WSAZ Investigates | Property Complaints
HUNTINGTON, W.Va. (WSAZ) - We told you a couple of weeks ago about a trash-filled property along Jackson Avenue in Huntington.
Neighbors tell us the city has come out and cleaned the area before. However, trash started piling up again. Neighbors tried to reach out through the city’s 311 app, but they stopped getting a response.
That’s when neighbors reached out to WSAZ, trying to find out what can be done -- and 24 hours later, that property looked a lot different.
WSAZ’s Marlee Pinchok spoke with Mark Bates, the city’s director of Council and Citizen Engagement to find out more about the 311 platform, as well as a layer you may not know about.
“Key staff members have left and it caught us by surprise. So, with this system being new-- there were things that we had to do to change those requests over to a new person, but we had to wait for the person to be hired, so there was a lapse of time where maybe folks weren’t communicated to,” Bates said. “And then as your story aired, we reviewed that and saw that there were a few glitches there that we needed to correct.”

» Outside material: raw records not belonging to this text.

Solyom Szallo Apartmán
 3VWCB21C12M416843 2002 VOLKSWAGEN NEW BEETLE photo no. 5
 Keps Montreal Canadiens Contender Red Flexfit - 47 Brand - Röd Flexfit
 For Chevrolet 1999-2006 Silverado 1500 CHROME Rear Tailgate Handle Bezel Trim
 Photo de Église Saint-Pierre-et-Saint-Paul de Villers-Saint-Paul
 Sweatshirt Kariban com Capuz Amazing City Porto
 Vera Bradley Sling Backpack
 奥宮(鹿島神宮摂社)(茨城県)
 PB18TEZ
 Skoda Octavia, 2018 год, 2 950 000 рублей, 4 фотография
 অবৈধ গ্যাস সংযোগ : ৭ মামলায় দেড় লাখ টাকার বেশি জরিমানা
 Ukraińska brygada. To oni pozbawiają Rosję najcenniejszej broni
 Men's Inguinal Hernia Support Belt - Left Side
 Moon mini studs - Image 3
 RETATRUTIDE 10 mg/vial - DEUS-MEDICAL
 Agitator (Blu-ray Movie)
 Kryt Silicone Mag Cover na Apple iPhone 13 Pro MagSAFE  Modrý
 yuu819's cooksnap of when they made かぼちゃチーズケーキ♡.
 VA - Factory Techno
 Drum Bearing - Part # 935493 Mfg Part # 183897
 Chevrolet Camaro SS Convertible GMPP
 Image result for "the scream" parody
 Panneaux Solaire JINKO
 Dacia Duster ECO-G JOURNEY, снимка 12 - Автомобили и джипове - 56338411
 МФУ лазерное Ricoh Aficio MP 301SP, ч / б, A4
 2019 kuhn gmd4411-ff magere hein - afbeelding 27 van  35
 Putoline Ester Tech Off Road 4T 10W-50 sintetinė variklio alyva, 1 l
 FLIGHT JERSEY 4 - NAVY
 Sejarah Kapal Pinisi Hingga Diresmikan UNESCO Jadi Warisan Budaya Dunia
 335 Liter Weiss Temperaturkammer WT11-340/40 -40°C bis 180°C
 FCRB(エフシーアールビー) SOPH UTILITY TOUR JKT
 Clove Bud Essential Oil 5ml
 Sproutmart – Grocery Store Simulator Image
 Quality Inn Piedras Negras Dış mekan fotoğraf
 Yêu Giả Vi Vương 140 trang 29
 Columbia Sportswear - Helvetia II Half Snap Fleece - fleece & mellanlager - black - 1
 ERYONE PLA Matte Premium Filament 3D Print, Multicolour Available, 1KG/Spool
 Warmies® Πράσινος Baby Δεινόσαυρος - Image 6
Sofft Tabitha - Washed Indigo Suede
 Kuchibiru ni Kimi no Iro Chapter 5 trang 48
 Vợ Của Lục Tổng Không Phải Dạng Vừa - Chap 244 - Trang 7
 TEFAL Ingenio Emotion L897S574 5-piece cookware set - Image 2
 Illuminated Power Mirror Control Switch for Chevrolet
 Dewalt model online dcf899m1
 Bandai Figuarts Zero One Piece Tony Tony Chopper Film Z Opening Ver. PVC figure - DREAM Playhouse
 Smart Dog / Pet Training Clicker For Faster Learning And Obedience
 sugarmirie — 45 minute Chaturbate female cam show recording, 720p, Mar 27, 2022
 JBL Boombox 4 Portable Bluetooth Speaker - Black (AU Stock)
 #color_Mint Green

Our story brought those glitches to the city’s attention. Glitches, Bates says, primarily come down to neighbors putting in the wrong address when submitting complaints-- such as the trash-filled property on Jackson Avenue.
“There were four reports on this property, but they were different addresses. One was actually pinged in the park behind it. So, this will clear up as our new staff member gets on board and understands the system better,” Bates said.
Bates says those complaints go beyond the app. They also spark a part of his job you may not know about.
“I’m actually able to go out as their eyes, view the issue and many times now with our 311 app while I’m there on site, I can put that complaint or that concern into the system and get the wheels turning,” Bates said.
Many times a year, Bates says he and council members hit the road on windshield tours-- checking out concerns that need to be addressed.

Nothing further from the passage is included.